There is one caveat to taking action: the feelings of the victims. If a victim really is set against you using their story to pursue any action, please respect that. I’ve sat on information for months in the past – until a different individual came forward with a substantially similar complaint that the information could help inform. Even then, speaking with the original complainant before using any of the information provided to you is an important part of ensuring they feel protected and respected in coming to you with sensitive issues.
I will typically take no action on a matter where, based on assessing the information, I believe that there is:
- little to no risk of harm in the future;
- little to no actual harm in that situation; and/or,
- the information suggests that it is more likely than not that the situation did not occur/unfolded in an innocent manner.

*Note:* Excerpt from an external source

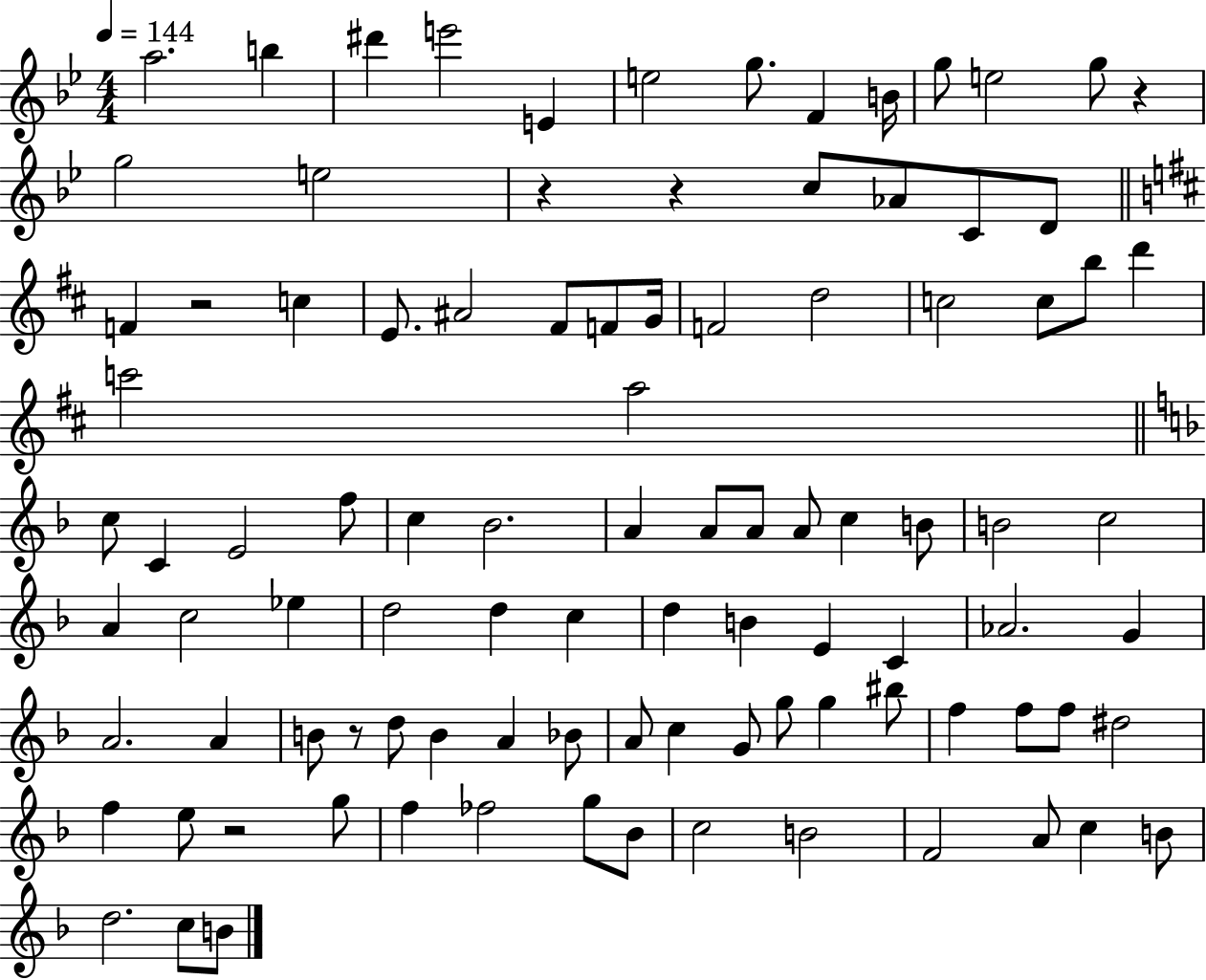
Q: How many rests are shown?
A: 6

I would stress that you should be very sure of this before deciding to take absolutely no action on a claim. If it is a he said/she said, and your opinion is hovering closer to a 50-50, you should probably consider Advice instead.
Advice is not necessarily confrontational. It acknowledges that you’re not entirely sure what happened, but lays out your expectation for how the perpetrator (and other attendees) should be behaving at your event or in the community. It is also a way to say “we don’t know what happened here, but we are paying attention in case anything happens in the future”.

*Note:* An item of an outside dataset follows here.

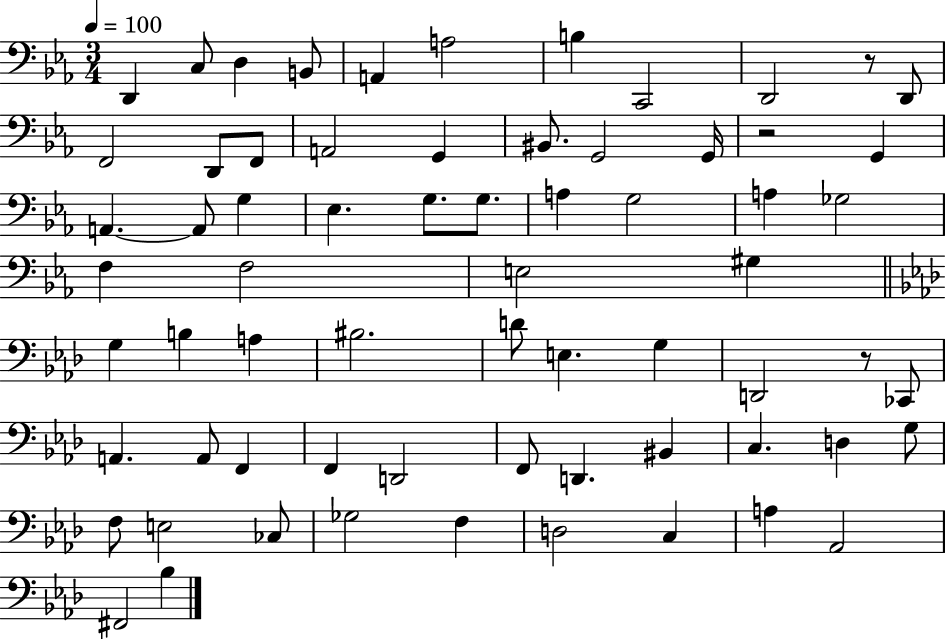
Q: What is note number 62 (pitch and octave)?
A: Ab2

For low-level issues or for issues where there is truly no way to determine what happened, this is often one of the best ways to go.
Reflection is useful when you think something poor did occur, but where you think it was a one-off issue related to judgement or misunderstandings. It is reasonable to require the person to explain to you in writing what they have learned from the situation, and how they are planning to make sure that this type of thing does not happen again. It is useful for when you are either close to a 50/50 split, or where you are pretty certain something did happen but it wasn’t that serious.
Cautioning is not the same as advice. A caution is when you are fairly certain that a behaviour has occurred, and when you need to set some ground rules and expectations specifically around the perpetrator to satisfy yourself that the victim and future attendees will be safe. Or, if it is a one-off incident, where you have serious concerns about the behaviour, but do not think the type of behaviour is likely to cause future problems.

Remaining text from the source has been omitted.